The buzzwords of 2021 for investors and traders worldwide were cryptocurrencies, blockchain and its ecosystem. Now, in 2022, the conversation has shifted to an enhanced version called Wrapped Tokens. Simply put, Wrapped Token eliminates the inefficiencies and limitations of existing cryptocurrencies by allowing them to function on different blockchains. So a wrapped cryptocurrency like Wrapped Bitcoin would derive its value from Bitcoin prices but can operate on the Ethereum network.
Wrapped tokens, which can take the form of crypto assets, digital collectibles, stocks, shares, commodities, fiat currencies, and real estate, among others, ensure that non-native assets can be used on any blockchain, thus enabling seamless interoperability . This in turn opens up liquidity and gives investors the opportunity to earn fixed returns made possible by smart contracts.
To understand why it’s slowly becoming a global investor favorite, it’s imperative to understand its benefits.
Decentralized Finance (DeFi) applications have been launched to transition from traditional centralized financial services to their decentralized counterparts. Apps like Compound allow a user to replace banks and provide liquidity in exchange for rewards. It is safe to conclude that Wrapped Crypto was eyed due to the expansion of DeFi for more liquidity and flexibility.
Staking Packaged Crypto
Staking involves earning passive income from the crypto asset without realizing its sale. While several versions of staking protocols are currently in effect, they typically involve the user staking their cryptocurrency into a contract for an agreed-upon time in exchange for rewards. This makes it one of the most well-known DeFi functionalities.

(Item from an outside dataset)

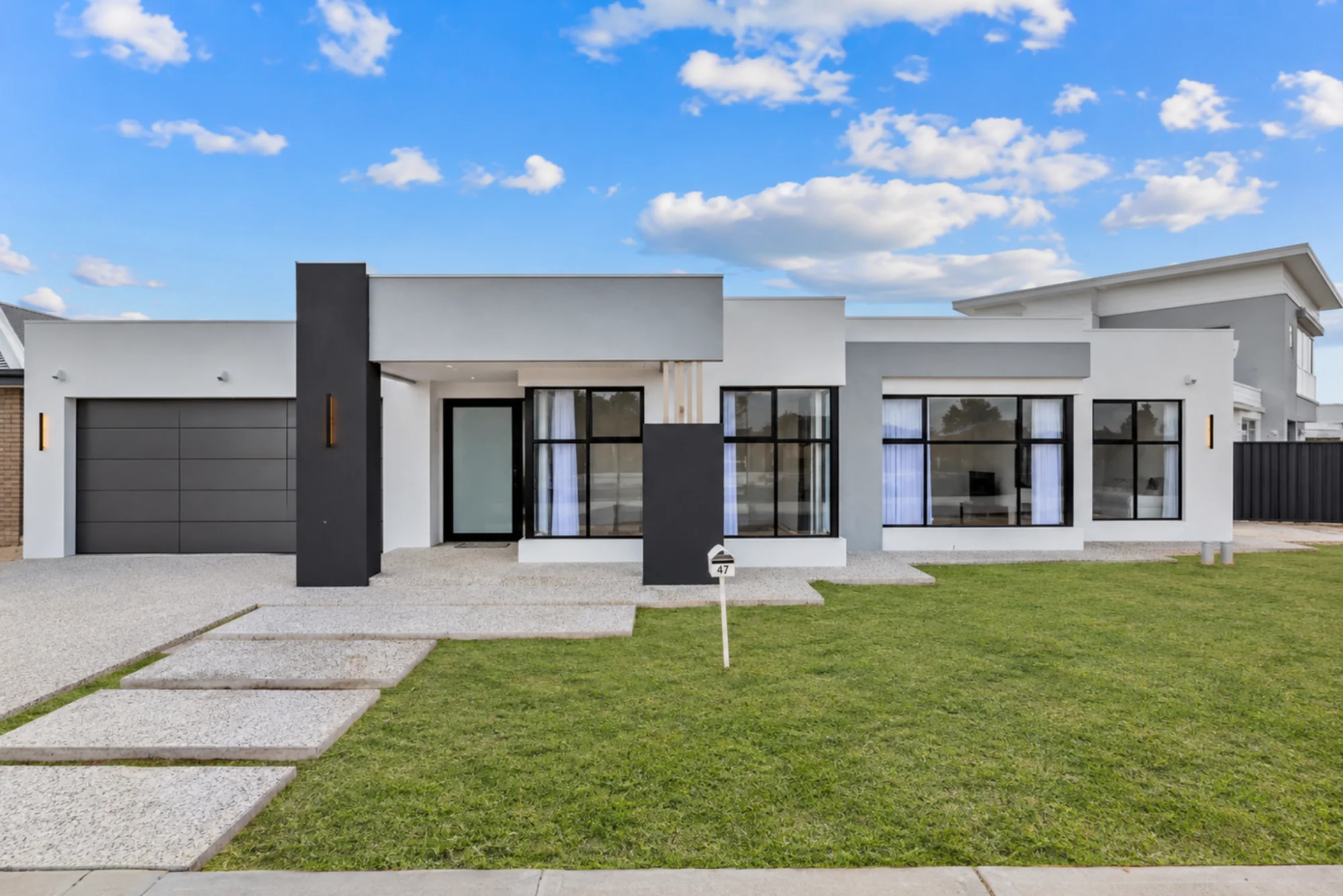 47 Cherry Drive, Treeby, WA 6164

Yield farming packaged crypto
Yield farming is a little different from staking in the sense that farming protocols have shorter retention periods. Additionally, many schemes allow network users to lend their crypto at interest. This makes yield farming another DeFi protocol that continues to gain momentum in the industry.

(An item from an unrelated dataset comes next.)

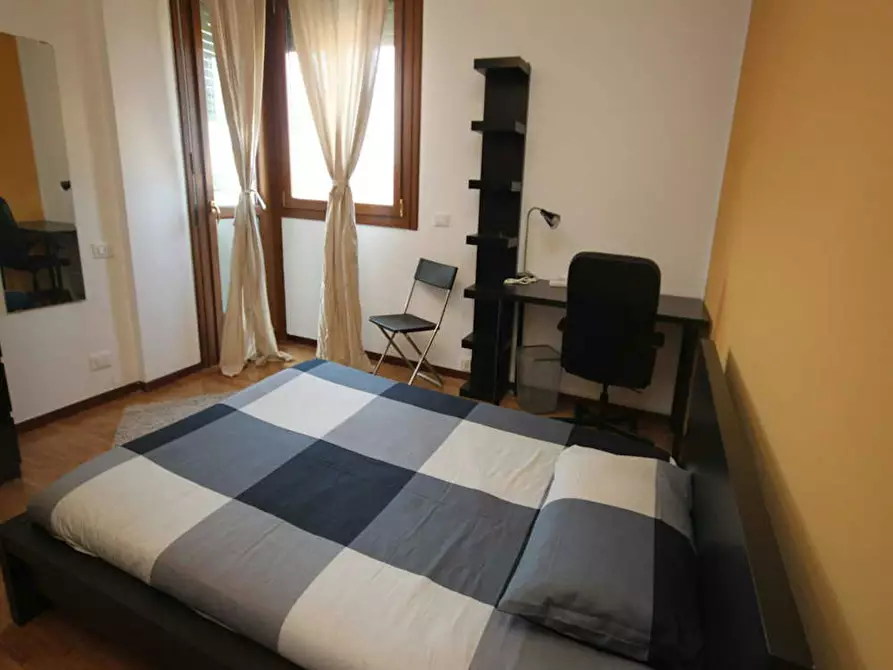 Immagine 4 di Camera in affitto  in Viale Sondrio a Milano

Wrapped Crypto encourages greater liquidity in the crypto market. Because it combines liquidity with the flexibility of interoperability. Previously, there have been instances where decentralized exchanges and other platforms did not have sufficient liquidity to function optimally, and Wrapped Crypto fills this gap by closing the liquidity loop between many CeFi and DeFi products.

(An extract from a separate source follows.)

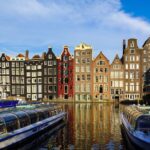 Nederlandse stad met op de voorgrond een telefoon die een netnummer toont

Liquidity and scalability go hand in hand with Wrapped Crypto. Due to the interoperability, the transactions for Wrapped Crypto are cheaper and faster. Because these tokens reside on the Ethereum blockchain, it offers the user more storage options and an increased number of transactions, making scalability another significant benefit.
Needless to say, the scope of Wrapped Crypto offers users more functionality compared to regular Crypto. Smart contracts are considered the core technology of the blockchain sector as they are self-executing pre-programmed protocols.
In a nutshell
These massive benefits for crypto traders have led many investors to embrace the new technology rather than simply acquiring the underlying token itself. This has helped create a new future sector in the blockchain landscape. Over $1.1 billion of Wrapped Crypto is reportedly now in use worldwide, indicating growing adoption. Investors around the world today are seriously considering Wrapped Cryptos as their latest investment. What’s stopping you?
The views expressed above are the author’s own.